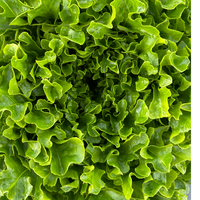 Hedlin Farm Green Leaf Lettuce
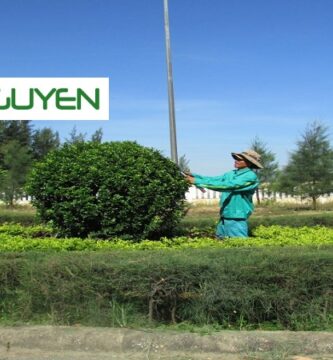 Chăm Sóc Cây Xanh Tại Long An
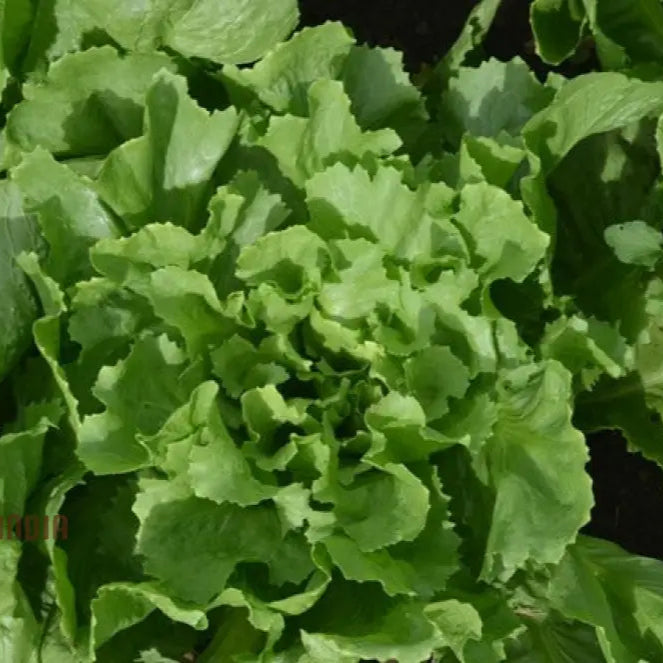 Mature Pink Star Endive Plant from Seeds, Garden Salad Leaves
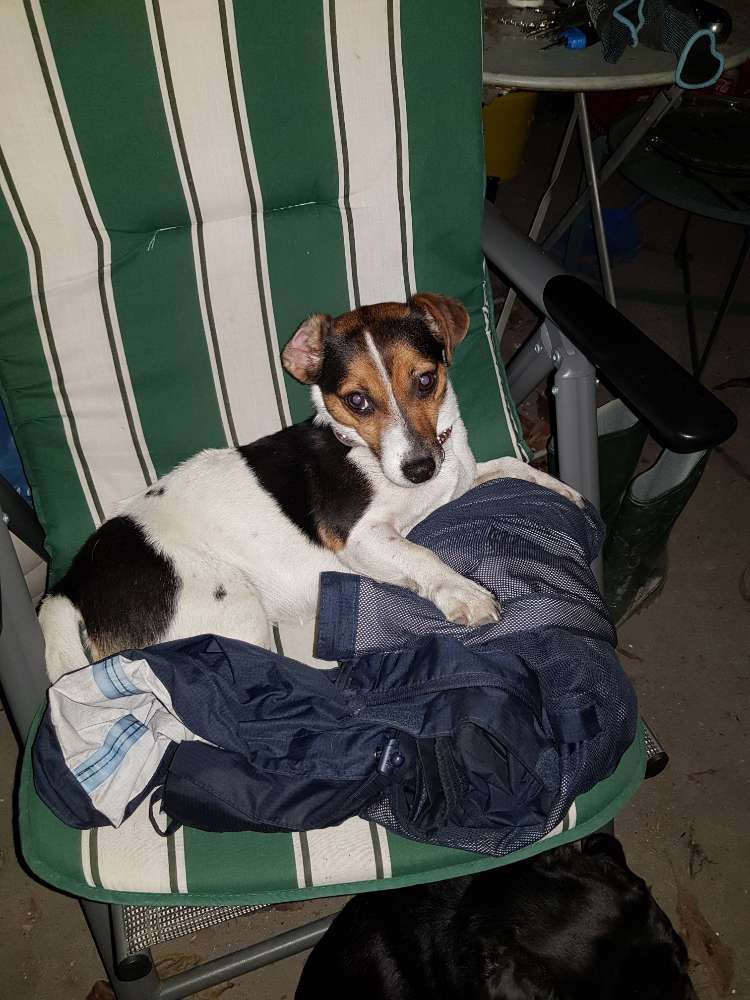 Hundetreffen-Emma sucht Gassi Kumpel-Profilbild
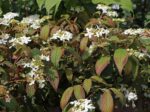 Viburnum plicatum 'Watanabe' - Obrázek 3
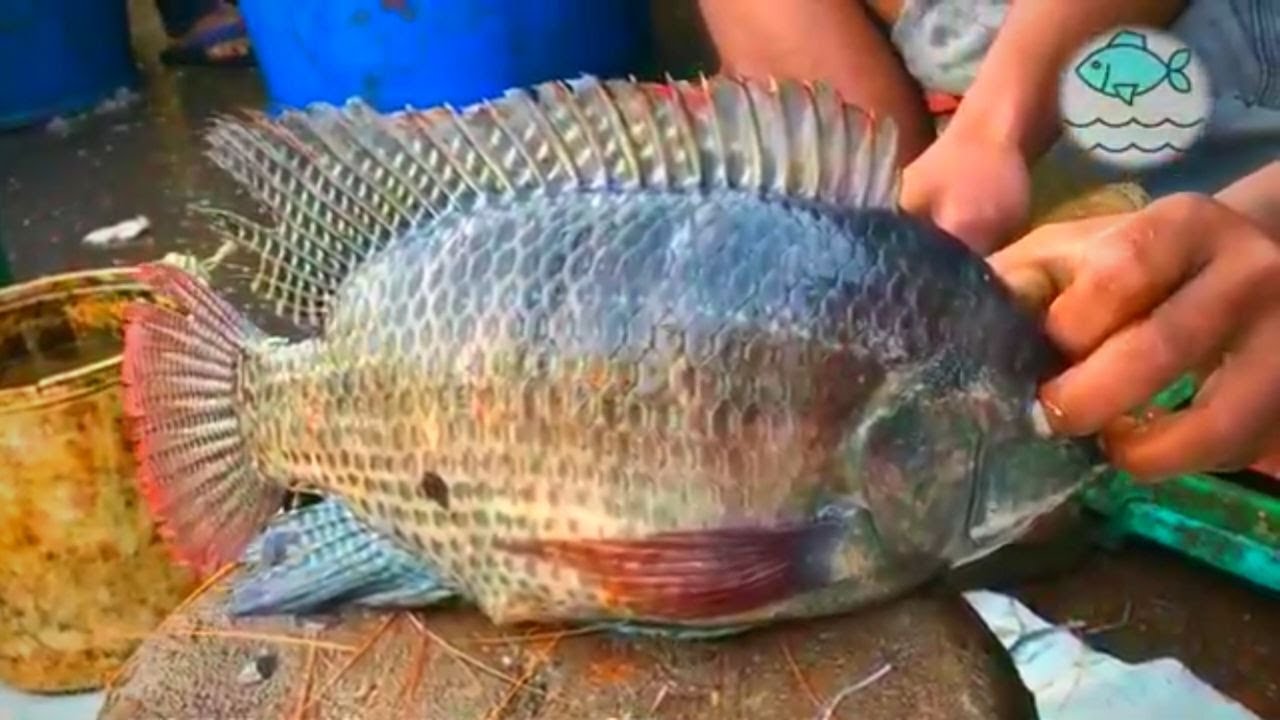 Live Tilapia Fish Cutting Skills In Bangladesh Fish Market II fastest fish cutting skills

************

- TASK DETAILS
Each record above must be retyped exactly. Omit the pictures.

- ANSWER TO THIS PROBLEM
 Hedlin Farm Green Leaf Lettuce
 Chăm Sóc Cây Xanh Tại Long An
 Mature Pink Star Endive Plant from Seeds, Garden Salad Leaves
 Hundetreffen-Emma sucht Gassi Kumpel-Profilbild
 Viburnum plicatum 'Watanabe' - Obrázek 3
 Live Tilapia Fish Cutting Skills In Bangladesh Fish Market II fastest fish cutting skills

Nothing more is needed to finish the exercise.